*Required action:*
The answer must consist solely of the lines from the line with "Se accidenta motociclista" to the final line of the data below, reproduced exactly, pictures omitted.

Web page caption snippets:
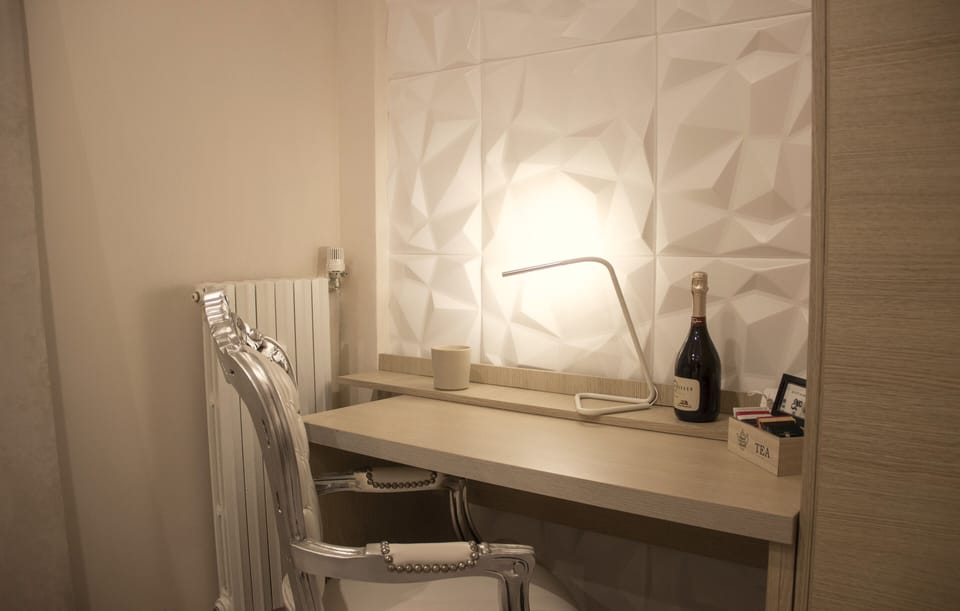 Collector's Suite Apartment in Rome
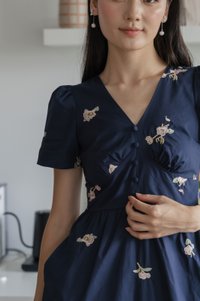 Fortuna Fleur Embroidery Midi Dress In Navy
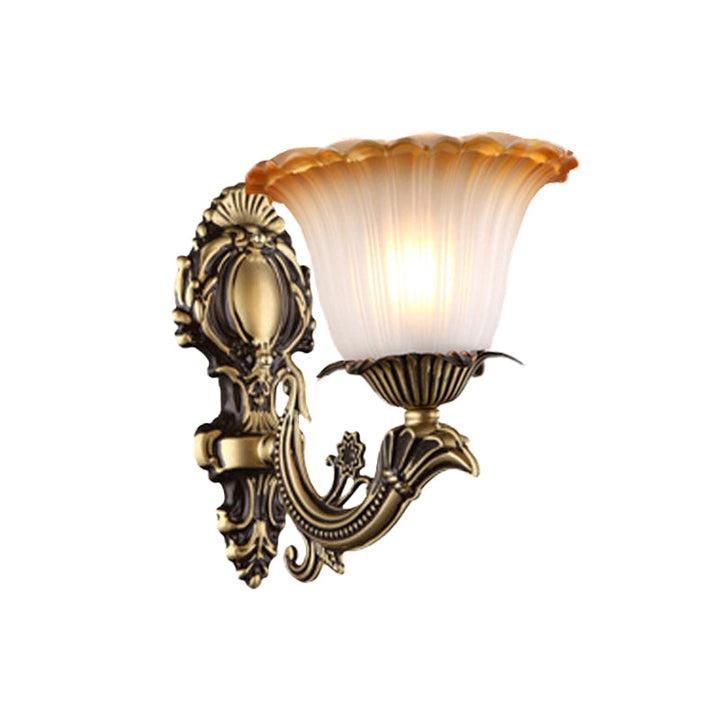 Skørter | Antique Flower Wall Lamp 1/2-Light Articulated White Glass Wall Lamp in Brass with Engraved Arm
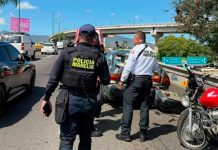 Se accidenta motociclista en el Libramiento Norte de Morelia Patrullas y ambulancias atendiendo el accidente de un motociclista sobre el puente del Libramiento Norte de Morelia.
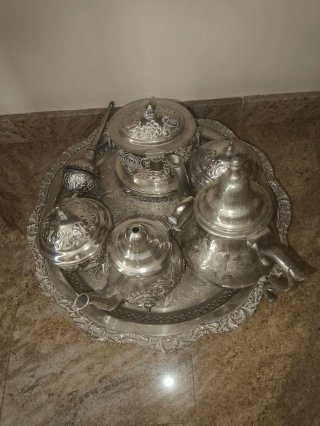 Juego de té y bandeja de metal plateado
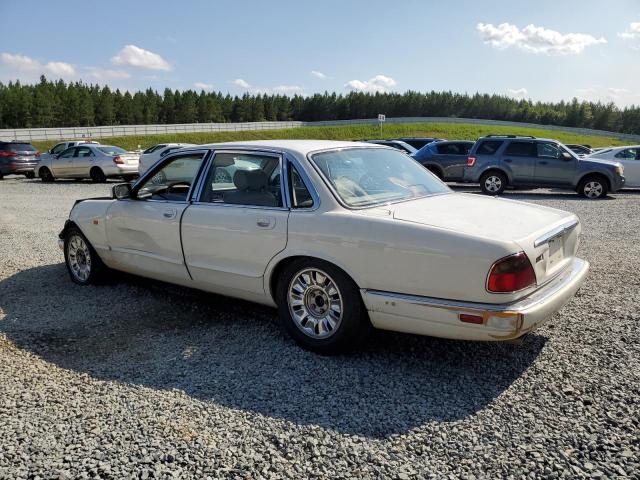 SAJHX1748SC742114 - 1995 JAGUAR XJ6 WHITE photo 2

*Response area:*
 Se accidenta motociclista en el Libramiento Norte de Morelia Patrullas y ambulancias atendiendo el accidente de un motociclista sobre el puente del Libramiento Norte de Morelia.
 Juego de té y bandeja de metal plateado
 SAJHX1748SC742114 - 1995 JAGUAR XJ6 WHITE photo 2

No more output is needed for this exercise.